A running Tor won't update the microdesc consensus

changed milestone to %Tor: 0.2.9.x-final

added CoreTorTeam201611 component::core tor/tor milestone::Tor: 0.2.9.x-final owner::nickm parent::20534 priority::high regression reporter::rubiate resolution::fixed severity::normal status::closed type::defect version::tor 0.2.9.4-alpha labels

Trac:
Priority: Medium to High
Keywords: N/A deleted, regression added
Milestone: N/A to Tor: 0.2.9.x-final

This looks very similar to my "mystery 1" in #19969 (moved) -- so I am going to bring that discussion over here so we can keep the bugs separate.

For me it happened on "Tor 0.2.9.3-alpha-dev (git-bfaded9143d127cb)" (which is alas not in a released version of Tor, because #20269 (moved) isn't merged yet, but suffice to say it's partway between 0.2.9.3 and 0.2.9.4).
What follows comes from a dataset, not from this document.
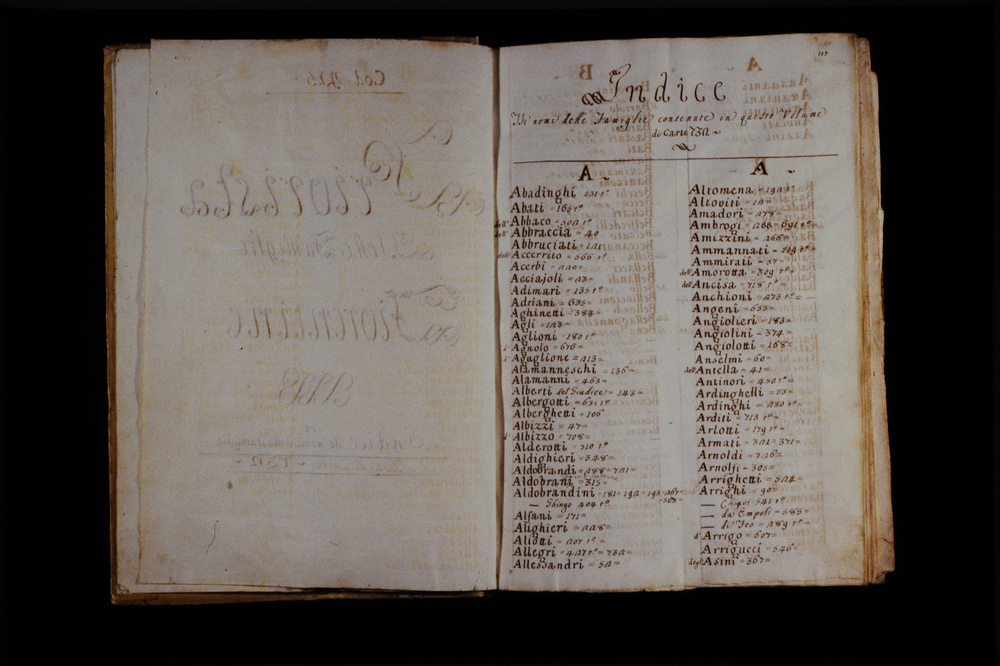 Roma, Biblioteca dell'Accademia nazionale dei Lincei e Corsiniana, Cors. 415 (35 G 5)
icpal_27266
Keywords: Lincei-Corsiniana Roma,1686.3/2002,1686/2002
And this was just a client, not a bridge or relay.

teor asked in #19969 (moved) what my "consensus download_status_t has for all its fields, particularly the attempt and failure counts." Here is what gdb says:

(gdb) print consensus_dl_status
$8 = {{next_attempt_at = 0, n_download_failures = 0 '\000',
    n_download_attempts = 0 '\000', schedule = DL_SCHED_CONSENSUS,
    want_authority = DL_WANT_ANY_DIRSERVER,
    increment_on = DL_SCHED_INCREMENT_FAILURE,
    backoff = DL_SCHED_RANDOM_EXPONENTIAL, last_backoff_position = 0 '\000',
    last_delay_used = 0}, {next_attempt_at = 1477296555,
    n_download_failures = 17 '\021', n_download_attempts = 17 '\021',
    schedule = DL_SCHED_CONSENSUS, want_authority = DL_WANT_ANY_DIRSERVER,
    increment_on = DL_SCHED_INCREMENT_FAILURE,
    backoff = DL_SCHED_RANDOM_EXPONENTIAL, last_backoff_position = 17 '\021',
    last_delay_used = 387}}

The first half of that makes sense, since my Tor doesn't touch the non-microdesc consensus stuff. But for the second half... it looks like my next_attempt_at is ~6 days ago.
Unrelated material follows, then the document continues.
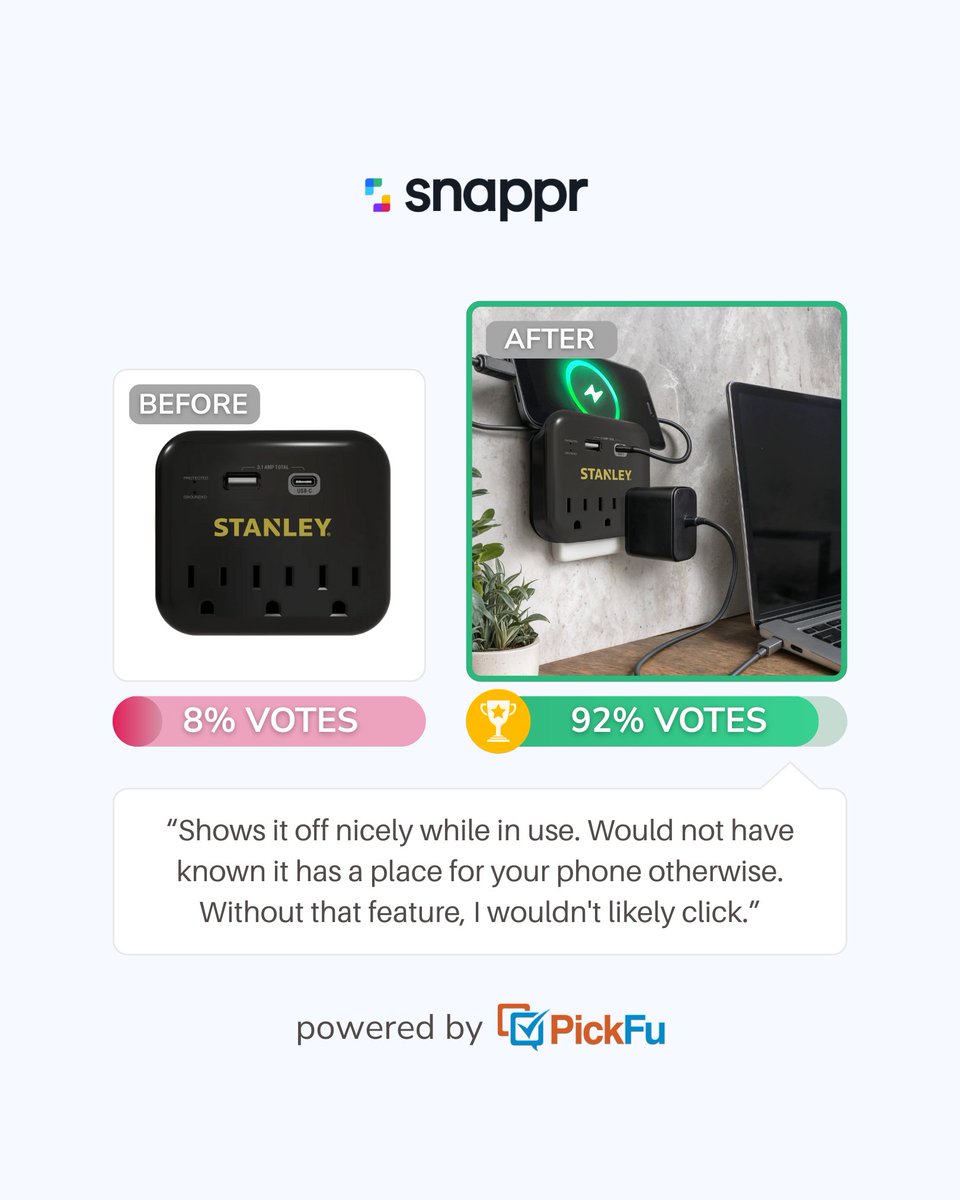 Snappr Inc. tweet media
teor also asked if my Tor has marked each of the directory authorities down. I believe the answer is yes -- all the entries in trusted_dir_servers has is_running set to 0, except the Bifroest entry (which make sense). Here is an example to be thorough:

(gdb) print *(dir_server_t *)(trusted_dir_servers->list[0])
$16 = {
  description = 0x7f57f56c0770 "directory server \"moria1\" at 128.31.0.39:9131"
, nickname = 0x7f57f56c0750 "moria1",
  address = 0x7f57f56c0600 "128.31.0.39", ipv6_addr = {family = 0, addr = {
      dummy_ = 0, in_addr = {s_addr = 0}, in6_addr = {__in6_u = {
          __u6_addr8 = '\000' <repeats 15 times>, __u6_addr16 = {0, 0, 0, 0,
            0, 0, 0, 0}, __u6_addr32 = {0, 0, 0, 0}}}}}, addr = 2149515303,
  dir_port = 9131, or_port = 9101, ipv6_orport = 0, weight = 1,
  digest = "\226\225\337\303_\376\270a2\233\237\032\260LF9p \316\061",
  v3_identity_digest = "Õ<86>Ñ<83>\t\336\324\315mW\301\217Û<97>\357\251m3\005f",
  is_running = 0, is_authority = 1, has_accepted_serverdesc = 0,
  type = (V3_DIRINFO | EXTRAINFO_DIRINFO | MICRODESC_DIRINFO), 
  addr_current_at = 1448282868, fake_status = {published_on = 0, 
    nickname = "moria1", '\000' <repeats 13 times>, 
    identity_digest = "\226\225\337\303_\376\270a2\233\237\032\260LF9p \316\061", descriptor_digest = '\000' <repeats 31 times>, addr = 2149515303, 
    or_port = 9101, dir_port = 9131, ipv6_addr = {family = 0, addr = {
        dummy_ = 0, in_addr = {s_addr = 0}, in6_addr = {__in6_u = {
            __u6_addr8 = '\000' <repeats 15 times>, __u6_addr16 = {0, 0, 0, 
              0, 0, 0, 0, 0}, __u6_addr32 = {0, 0, 0, 0}}}}}, 
    ipv6_orport = 0, is_authority = 0, is_exit = 0, is_stable = 0, 
    is_fast = 0, is_flagged_running = 0, is_named = 0, is_unnamed = 0, 
    is_valid = 0, is_possible_guard = 0, is_bad_exit = 0, is_hs_dir = 0,
    is_v2_dir = 0, protocols_known = 0, supports_extend2_cells = 0,
    has_bandwidth = 0, has_exitsummary = 0, bw_is_unmeasured = 0,
    bandwidth_kb = 0, has_guardfraction = 0, guardfraction_percentage = 0,
    exitsummary = 0x0, last_dir_503_at = 0, dl_status = {next_attempt_at = 0,
      n_download_failures = 0 '\000', n_download_attempts = 0 '\000',
      schedule = DL_SCHED_GENERIC, want_authority = DL_WANT_ANY_DIRSERVER,
      increment_on = DL_SCHED_INCREMENT_FAILURE,
      backoff = DL_SCHED_DETERMINISTIC, last_backoff_position = 0 '\000',
      last_delay_used = 0}}}

teor also asked if my tor has marked all the fallback dirs down.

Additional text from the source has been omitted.